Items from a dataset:

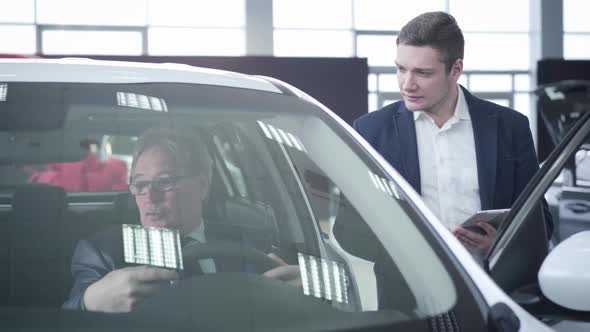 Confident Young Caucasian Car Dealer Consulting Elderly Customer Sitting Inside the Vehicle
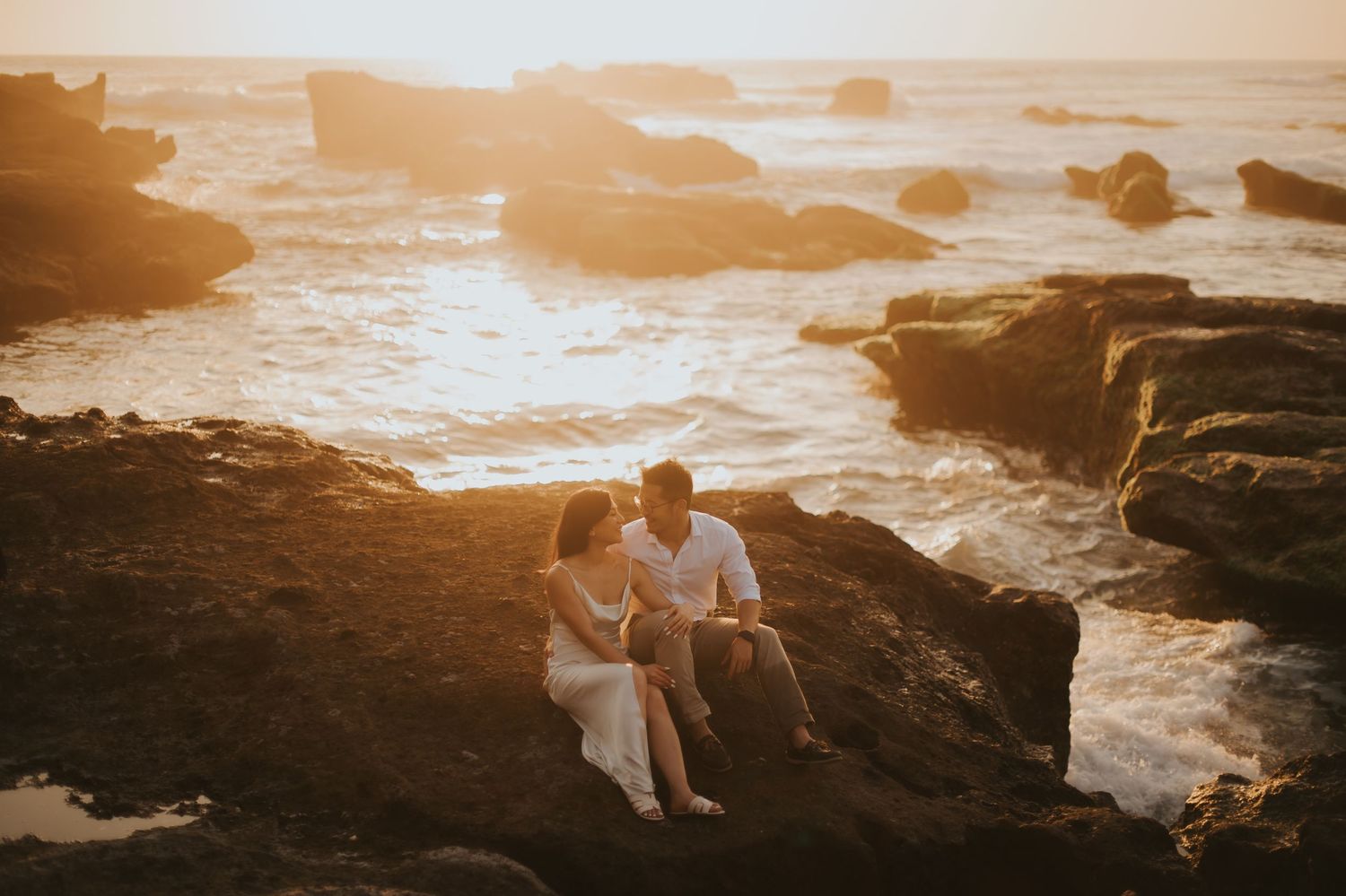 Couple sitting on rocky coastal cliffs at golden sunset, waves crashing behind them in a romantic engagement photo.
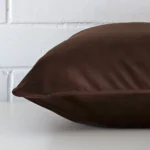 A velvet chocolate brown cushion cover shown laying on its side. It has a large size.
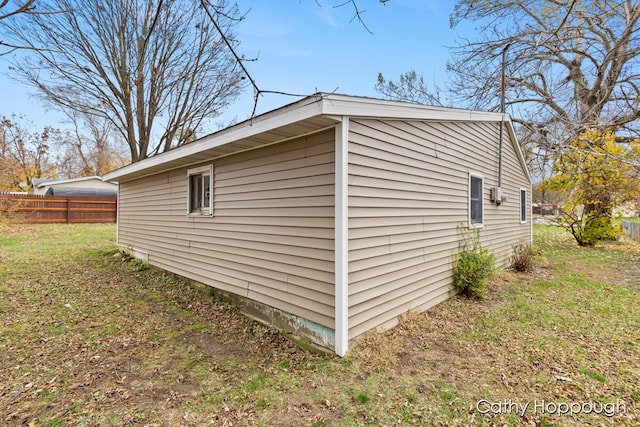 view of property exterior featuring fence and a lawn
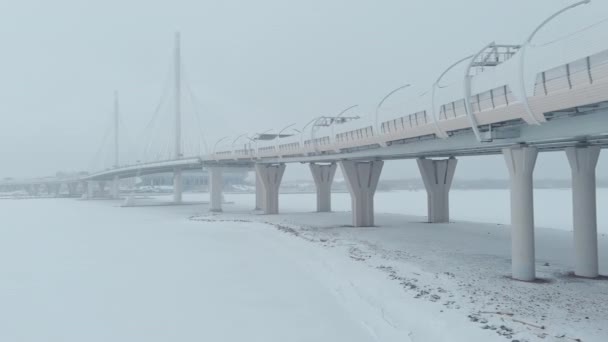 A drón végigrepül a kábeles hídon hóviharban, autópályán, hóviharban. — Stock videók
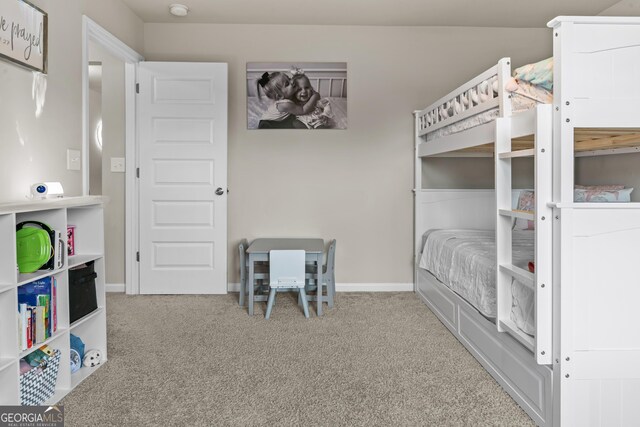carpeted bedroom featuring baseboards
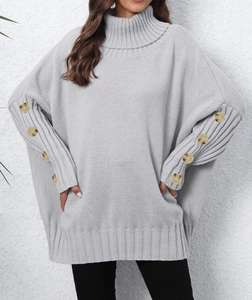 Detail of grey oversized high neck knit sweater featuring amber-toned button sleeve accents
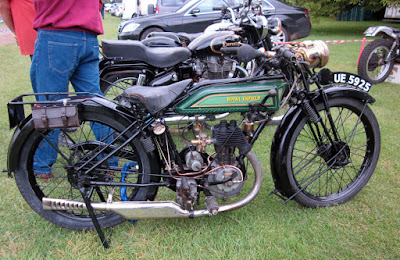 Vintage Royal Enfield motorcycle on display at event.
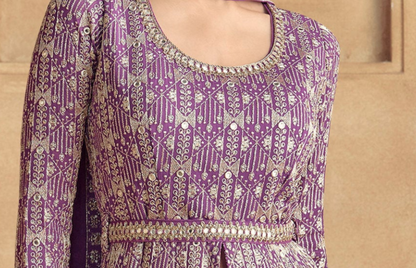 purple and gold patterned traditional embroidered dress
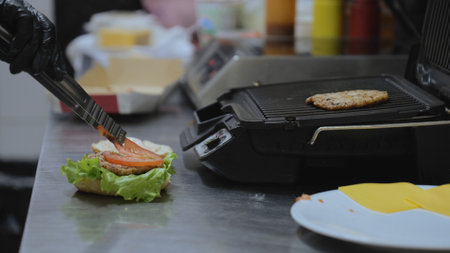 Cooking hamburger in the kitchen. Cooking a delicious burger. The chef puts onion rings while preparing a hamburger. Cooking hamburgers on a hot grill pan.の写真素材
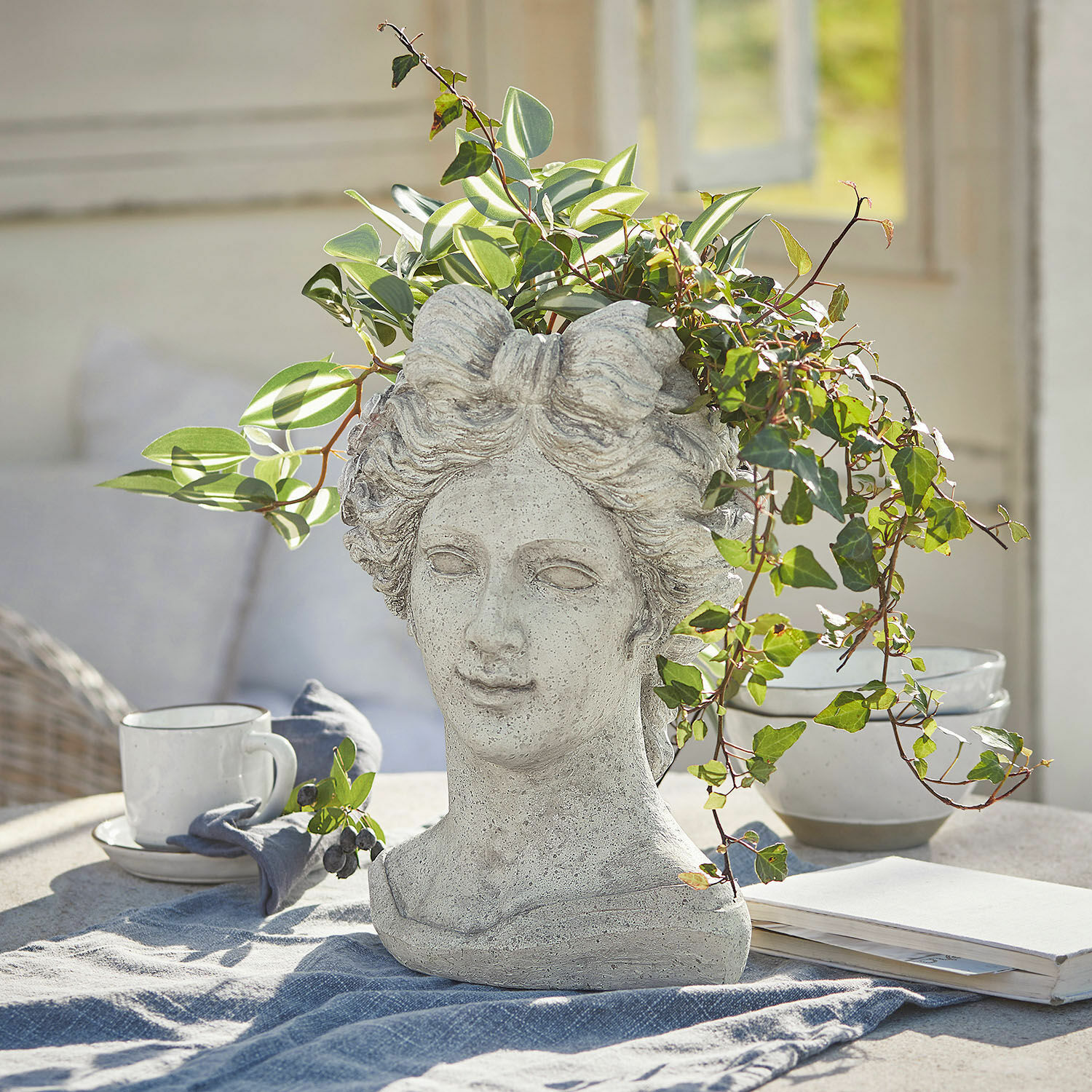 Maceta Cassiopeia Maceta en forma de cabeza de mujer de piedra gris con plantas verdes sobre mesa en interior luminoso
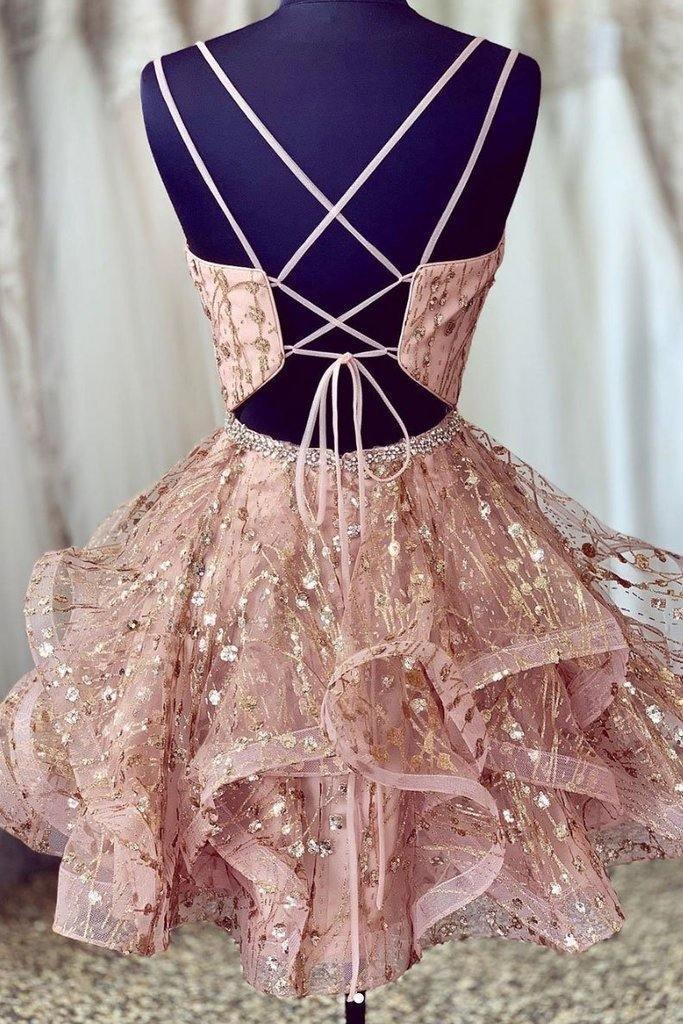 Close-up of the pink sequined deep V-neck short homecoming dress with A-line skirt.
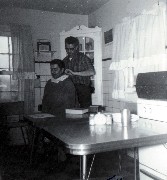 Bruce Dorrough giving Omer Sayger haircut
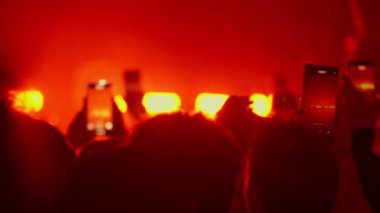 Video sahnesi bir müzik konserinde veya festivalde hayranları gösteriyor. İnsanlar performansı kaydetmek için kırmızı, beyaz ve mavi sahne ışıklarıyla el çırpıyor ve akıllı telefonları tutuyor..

PROBLEM TO SOLVE: Pictures are to be dropped; the lines from the start of the entries above through the line with "Close-up of the" are to be given again verbatim.

SOLUTION FOR THIS EXERCISE:
 Confident Young Caucasian Car Dealer Consulting Elderly Customer Sitting Inside the Vehicle
 Couple sitting on rocky coastal cliffs at golden sunset, waves crashing behind them in a romantic engagement photo.
 A velvet chocolate brown cushion cover shown laying on its side. It has a large size.
 view of property exterior featuring fence and a lawn
 A drón végigrepül a kábeles hídon hóviharban, autópályán, hóviharban. — Stock videók
carpeted bedroom featuring baseboards
 Detail of grey oversized high neck knit sweater featuring amber-toned button sleeve accents
 Vintage Royal Enfield motorcycle on display at event.
 purple and gold patterned traditional embroidered dress
 Cooking hamburger in the kitchen. Cooking a delicious burger. The chef puts onion rings while preparing a hamburger. Cooking hamburgers on a hot grill pan.の写真素材
 Maceta Cassiopeia Maceta en forma de cabeza de mujer de piedra gris con plantas verdes sobre mesa en interior luminoso
 Close-up of the pink sequined deep V-neck short homecoming dress with A-line skirt.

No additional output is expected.